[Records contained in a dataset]
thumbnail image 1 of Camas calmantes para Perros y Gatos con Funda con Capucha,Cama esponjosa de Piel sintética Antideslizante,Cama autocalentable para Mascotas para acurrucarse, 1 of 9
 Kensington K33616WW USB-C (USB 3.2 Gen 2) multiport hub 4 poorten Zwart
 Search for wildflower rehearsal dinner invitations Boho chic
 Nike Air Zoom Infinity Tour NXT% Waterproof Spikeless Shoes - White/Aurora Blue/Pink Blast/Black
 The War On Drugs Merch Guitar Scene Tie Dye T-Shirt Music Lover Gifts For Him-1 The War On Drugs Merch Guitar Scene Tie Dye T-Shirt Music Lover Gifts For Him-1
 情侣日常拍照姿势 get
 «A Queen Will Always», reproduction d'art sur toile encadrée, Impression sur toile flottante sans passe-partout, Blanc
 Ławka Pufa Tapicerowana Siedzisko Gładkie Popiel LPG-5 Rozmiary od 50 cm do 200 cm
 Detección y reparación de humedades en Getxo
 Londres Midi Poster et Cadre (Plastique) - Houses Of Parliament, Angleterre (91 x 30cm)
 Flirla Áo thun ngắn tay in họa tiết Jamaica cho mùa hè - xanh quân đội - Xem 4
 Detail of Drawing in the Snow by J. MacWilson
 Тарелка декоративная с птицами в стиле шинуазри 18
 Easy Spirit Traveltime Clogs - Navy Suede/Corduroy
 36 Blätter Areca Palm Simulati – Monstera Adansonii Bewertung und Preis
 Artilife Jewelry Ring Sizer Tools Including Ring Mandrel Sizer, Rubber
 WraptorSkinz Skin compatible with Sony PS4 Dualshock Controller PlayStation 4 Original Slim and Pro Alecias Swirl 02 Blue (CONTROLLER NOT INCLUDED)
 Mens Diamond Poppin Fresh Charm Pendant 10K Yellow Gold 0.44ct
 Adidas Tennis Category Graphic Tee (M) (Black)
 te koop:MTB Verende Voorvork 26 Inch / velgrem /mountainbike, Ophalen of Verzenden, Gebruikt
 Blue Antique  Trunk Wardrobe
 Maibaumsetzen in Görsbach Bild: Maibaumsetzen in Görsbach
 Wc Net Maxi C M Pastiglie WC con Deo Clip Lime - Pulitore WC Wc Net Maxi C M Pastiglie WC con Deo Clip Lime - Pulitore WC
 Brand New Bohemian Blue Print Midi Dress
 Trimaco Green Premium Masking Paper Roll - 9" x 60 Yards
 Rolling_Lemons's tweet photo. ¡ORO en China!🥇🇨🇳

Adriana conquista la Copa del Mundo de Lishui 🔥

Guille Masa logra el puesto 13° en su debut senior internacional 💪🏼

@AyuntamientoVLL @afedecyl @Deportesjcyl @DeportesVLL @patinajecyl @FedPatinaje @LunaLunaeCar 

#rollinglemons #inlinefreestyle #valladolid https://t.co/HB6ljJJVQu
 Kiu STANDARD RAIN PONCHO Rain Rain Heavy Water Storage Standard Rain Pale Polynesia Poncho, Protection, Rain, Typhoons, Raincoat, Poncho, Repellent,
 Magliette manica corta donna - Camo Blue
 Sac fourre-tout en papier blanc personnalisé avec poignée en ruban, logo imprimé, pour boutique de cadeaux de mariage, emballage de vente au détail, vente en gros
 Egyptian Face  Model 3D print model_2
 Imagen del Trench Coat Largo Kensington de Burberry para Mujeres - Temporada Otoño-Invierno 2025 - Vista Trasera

The task :: If a line above holds the string "Blue", copy it out.

Exercise response ::
 Nike Air Zoom Infinity Tour NXT% Waterproof Spikeless Shoes - White/Aurora Blue/Pink Blast/Black
 WraptorSkinz Skin compatible with Sony PS4 Dualshock Controller PlayStation 4 Original Slim and Pro Alecias Swirl 02 Blue (CONTROLLER NOT INCLUDED)
 Blue Antique  Trunk Wardrobe
 Brand New Bohemian Blue Print Midi Dress
 Magliette manica corta donna - Camo Blue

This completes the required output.